As palavras do ex-governador tocam fundo no coração da maioria dos tailandeses que aqui estão presentes, que gostam de ouvir os elogios ao caráter do povo e os pedidos para que esta operação sirva de exemplo para o resto do mundo. Grupos de senhoras de meia idade dançam para as câmaras de televisão, ensaiam gritos coletivos, fazem sinais de vitória com os dedos. Os voluntários, como o tradutor Tee, mostram-se orgulhosos. “Alguma vez viste uma operação assim?”, pergunta ao Observador o jovem, na casa dos 20.

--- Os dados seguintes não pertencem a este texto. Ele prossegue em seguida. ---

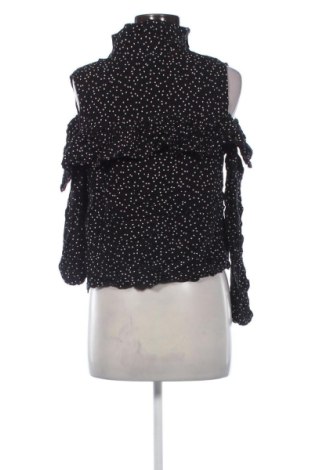 Bluzka damska Clockhouse, Rozmiar M, Kolor Kolorowy, Cena 51,99 zł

“As pessoas aqui tratam-se como família. Conheço pessoas que abriram as portas de sua casa para alguns estrangeiros que cá vieram e isso foi um pequeno passo que contribuiu para este sucesso geral.”
Atrás de si, empilham-se cadeiras, arrumam-se mesas, guarda-se o pad thai que sobrou. Do campo improvisado, cada vez resta menos; os habitantes de Mae Sai preparam-se para pegar na trouxa, pelo menos por hoje. Alguns ainda voltarão amanhã para ajudar nas operações de limpeza da floresta, ao pé da gruta, mas, muito provavelmente, já não terão um exército de jornalistas internacionais para alimentar e não se justifica estarem ali tantos.

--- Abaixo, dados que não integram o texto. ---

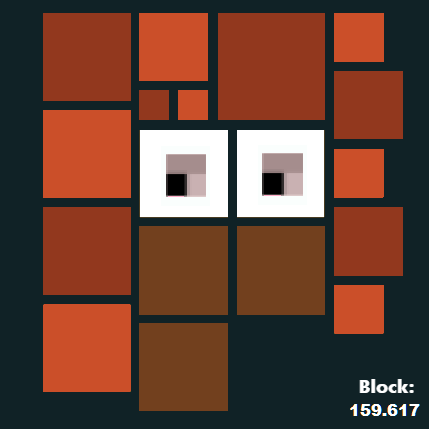 inscription cf9cdc7e46c237307704898cdec22704bbe298429dd24b641158c94eb03e4ef8i0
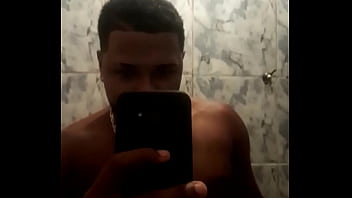 Preview 1 of Desi Pornhd - sombra  marcelo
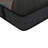 11 Inch Gel Memory Foam Hybrid Mattress With Pocket Coils, Cooling & Edge Support-913573479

Nao Warat, de 26 anos, sorri enquanto limpa uma mesa com desinfetante. “Estou tão animada e aliviada. Pela primeira vez em três semanas, vou ter uma boa noite de sono. Graças a Buda!“, diz, juntando as duas mãos em sinal de agradecimento, com o pano molhado pendurado numa delas. Secretária de uma empresa de saúde, Nao não tem qualquer experiência de cozinha ou nas limpezas, mas pouco importa. Natural de Mae Sai, não podia deixar passar a oportunidade de contribuir para ajudar a salvar os “Javalis Selvagens”. “Estava toda a gente tão preocupada aqui…”, suspira.

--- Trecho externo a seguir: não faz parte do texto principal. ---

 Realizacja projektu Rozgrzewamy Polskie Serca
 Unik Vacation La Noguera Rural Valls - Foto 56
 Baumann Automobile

A sensação de alívio mistura-se com a alegria e deixa os corpos moles. Muitos aproveitam para se sentar com calma pela primeira vez em dias. Os agentes da polícia, que até aqui faziam por manter o ar rígido, soltam-se finalmente e exibem os sorrisos. Mesmo assim, não aceitam ainda falar aos jornalistas — o respeito pelas “regras” definidas pelo controlo das operações mantém-se. Os comandantes, aliás, frisaram isso na sua conferência de imprensa, informando com orgulho que a pessoa responsável por ter filmado a área do resgate com um drone que sobrevoou a zona já foi presente a tribunal e condenada em apenas um dia. “Quero avisar: sigam as regras. A todos os [jornalistas] que o fizeram , obrigado”, anunciaram — uma frase que não é de espantar se recordarmos que a Tailândia é atualmente governada por uma junta militar, desde o golpe de Estado levado a cabo pelo Exército em 2014.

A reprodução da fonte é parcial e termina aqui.